And mostly, you know, I have not been changing my field dramatically, right?
You know, I started writing papers when I was a kid 20 years ago or 30 years ago, whatever it is,
in the areas of field theory and gravity and cosmology.
But within those areas, I moved around a little bit.
These days, I'm doing the opposite of what everyone else does is that as I get older,
I move around more.
So rather than sort of falling into a certain comfortable,
zone where I just do kind of the same thing and try to be the world's expert at that. I'm trying
to work on things that I've never worked on before, which anyone will tell you is a little bit
tough. It's fun, right? It's exciting. You learn new things. I feel like a student a little bit,
and that's always interesting and exciting, but also fraught with danger because you can you can
say stupid things because you're not an expert. You know, I don't have an advisor telling me what is right
and what's wrong about these. I do at least have friends who know a lot about these things,
So that's good.
So I'm hoping, I think that the story of 2018 for me, if I had, you know, one thing that was the big news in my life that year was starting the podcast.

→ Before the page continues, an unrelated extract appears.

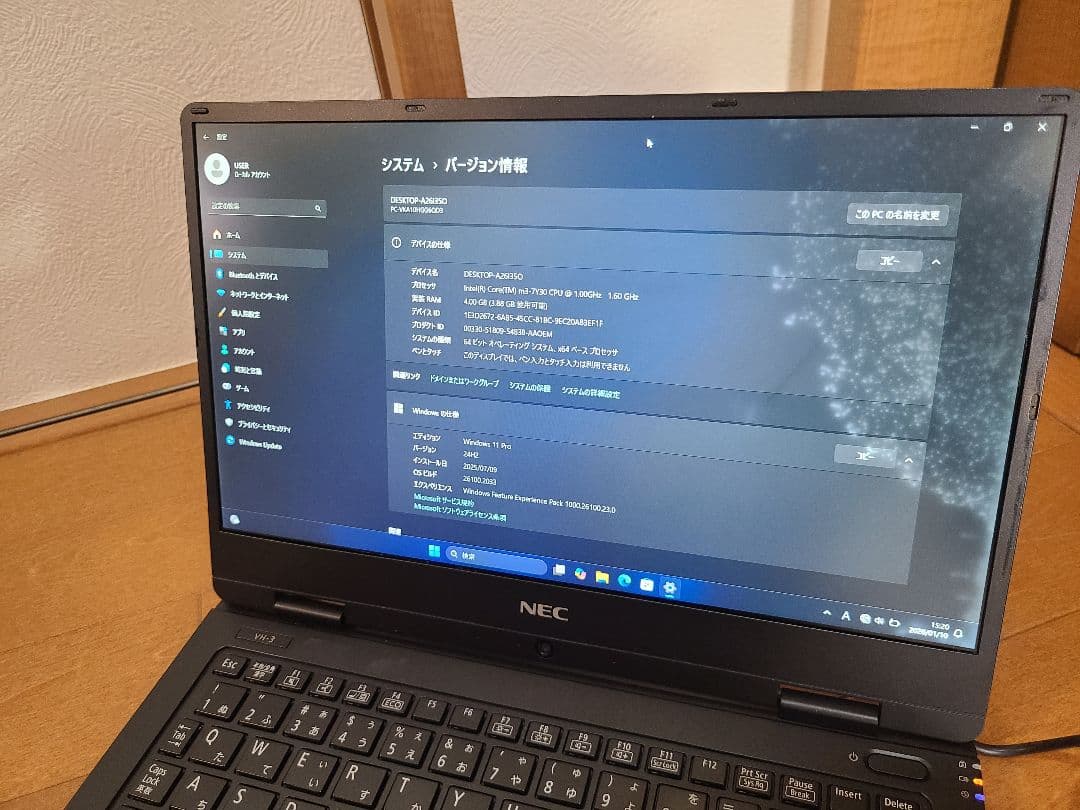 NEC VersaPro VH-3 ノートPC VKT12/H-3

The big news 2019 was writing the book, something deeply hidden.
And I think the big news of 2020 is going to be some science results.
That's my ambition.
Anyway, that's my fingers crossed for exactly that.

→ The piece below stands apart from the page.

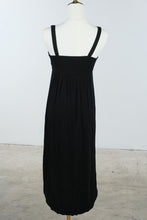 Load image into Gallery viewer, Black Empire Waist Maxi Dress Purple Lined High Low Hem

Ask me, again, a year from now when we do our 2020 holiday message.
So the big thing that I did was write this book, something deeply hidden, quantum worlds and the emergence of space time.
So I thought that in the brief holiday message here, I would just dig in a little bit to the story behind that.

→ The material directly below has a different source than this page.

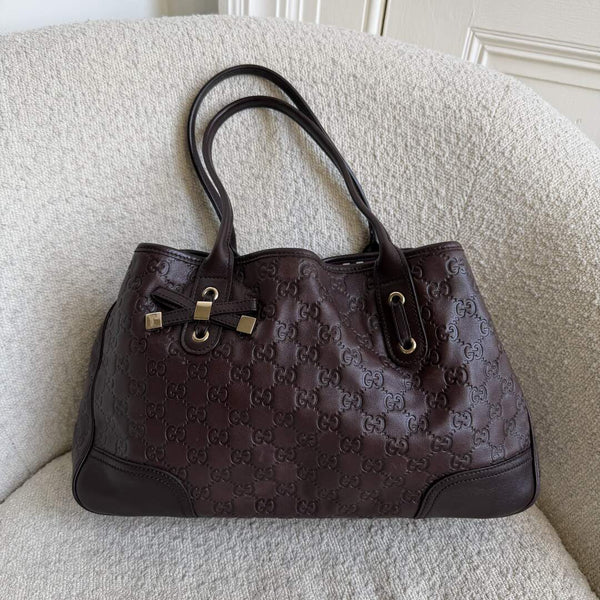 Gucci Guccissima Princy Brown Leather Tote Bag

I know that there's a lot of people out there who are asking me not only about quantum mechanics, but about how do you write a book?
What is the process of that?
How do you get it published?
Should you write a book?
Things like that.
So maybe I can just take this opportunity to say some.
things about that. You know, I think the book itself, again, was pretty good. You know,
no one who has ever written a book thinks it's perfect by any stretch of the imagination.
For those of you who've read it, you know, the first third of the book, roughly, is an intro
to quantum mechanics. The second third is a deep dive into issues around many worlds as
an interpretation and also some of its alternatives. And then the third third, the final third,
is speculations about the emergence of space time
and the role of quantum gravity
and how many worlds might help us with that.
So probably that last third is the least satisfying,
but it was almost inevitably going to be
the least satisfying because it's not finished, right?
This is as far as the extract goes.